This bacon wrapped chicken is sweet, smoky, juicy, and ridiculously easy to make with just 5 main ingredients. It’s a foolproof dinner that looks fancy but takes hardly any effort to make!
Prep. Preheat oven to 425˚F. Lightly grease a 9x13 baking dish with butter and set aside.
Make the seasoning. In a small mixing bowl combine salt, pepper, paprika, garlic powder, and onion powder.
Prep the chicken breasts. Rub each chicken breast with the prepared seasoning mix. Wrap each chicken breast with bacon slices and transfer them to the baking dish, seam-side down.
Make the glaze. In a small mixing bowl, whisk together maple syrup and Dijon mustard; whisk until well combined. Brush each chicken breast with maple syrup glaze. Crack fresh ground pepper over each chicken breast.

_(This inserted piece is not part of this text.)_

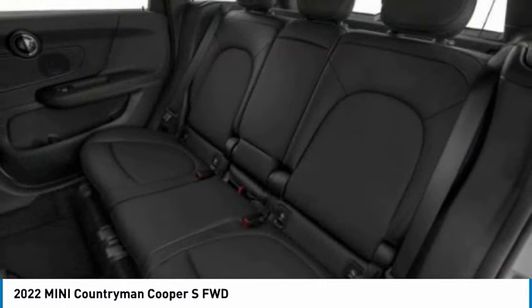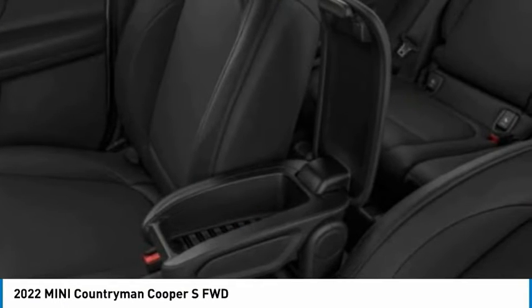Power lift gate. Brake assist. Daytime running lights. Four-wheel disc brakes.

Bake. Place the baking dish in the oven and bake the chicken for 22 to 25 minutes at 425˚F. Baste with the pan juices a couple of times during cooking to keep everything extra juicy. The chicken is done when it reaches an internal temperature of 165˚F; I usually start checking for doneness around the 20-minute mark.
Broil (optional). If the bacon is not fully caramelized and crispy after cooking, place the baking dish under the broiler for 2 minutes to finish it off.

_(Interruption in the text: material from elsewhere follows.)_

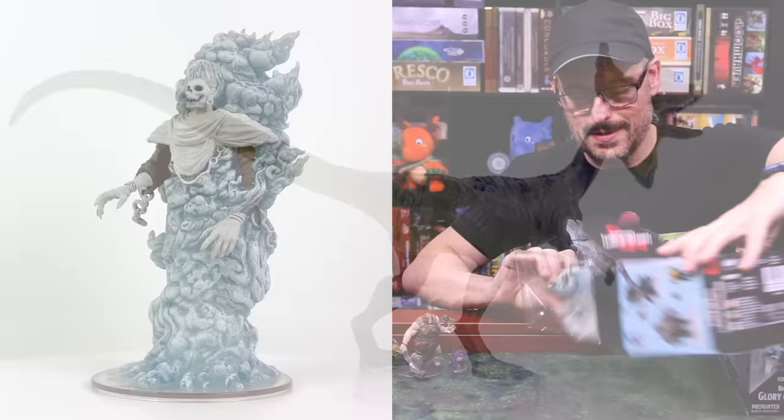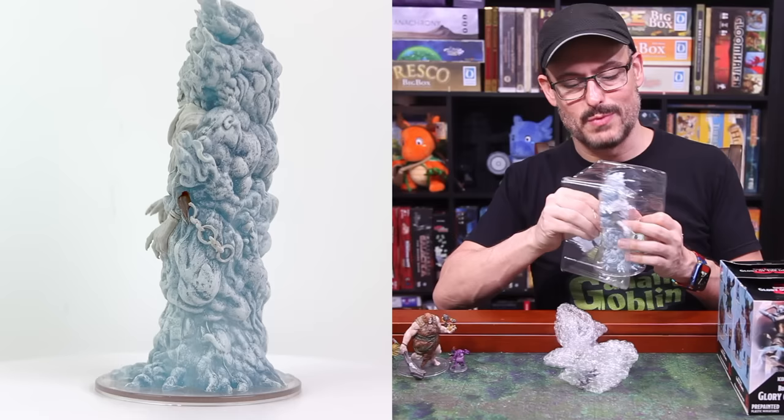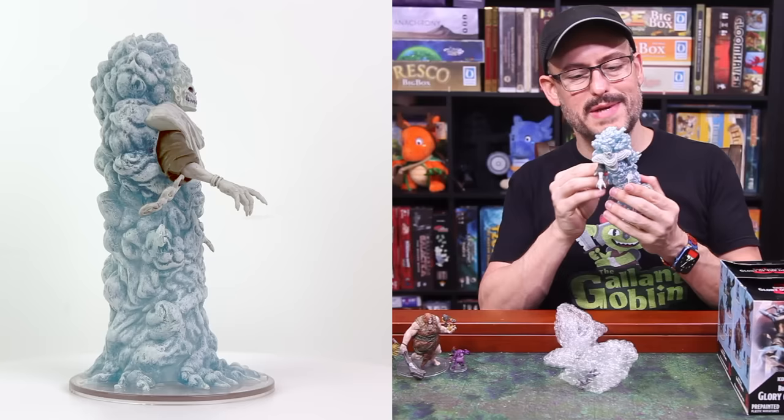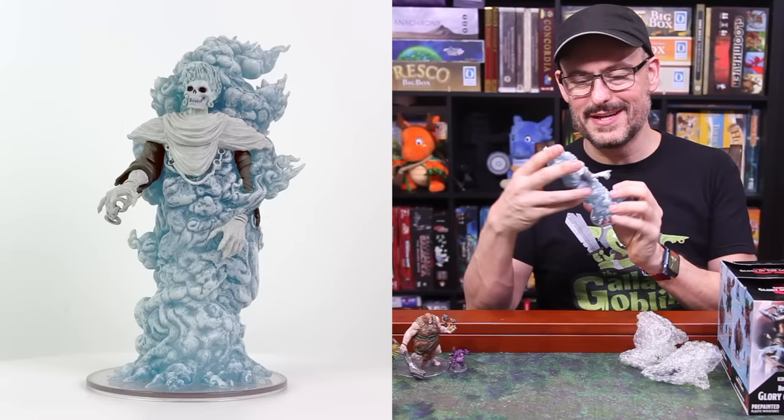We're going to have to take it out of the plastic here. Now, along with each giant type having a rune magic user, each one gets an undead variety as well. And this, I believe, is the cloud giant's undead. It is called a Spectral Cloud, number 36. Wow, that's big and heavy and really cool. I don't remember all the lore off the top of my head — that's what our other main full set review video is for — but it's a very cool looking creature. I've never seen anything quite like that.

Finish and serve. Remove the bacon-wrapped chicken from the oven and let it rest for 5 to 8 minutes. Spoon the juices over the chicken and garnish with chopped parsley before serving.
Notes
HOW TO MAKE AHEADWrap the chicken with bacon and store it in an airtight container in the fridge for up to 24 hours. About 15 minutes before baking, take the chicken out to take the chill off. While it rests, whisk together the maple glaze and brush it over the chicken just before baking as directed.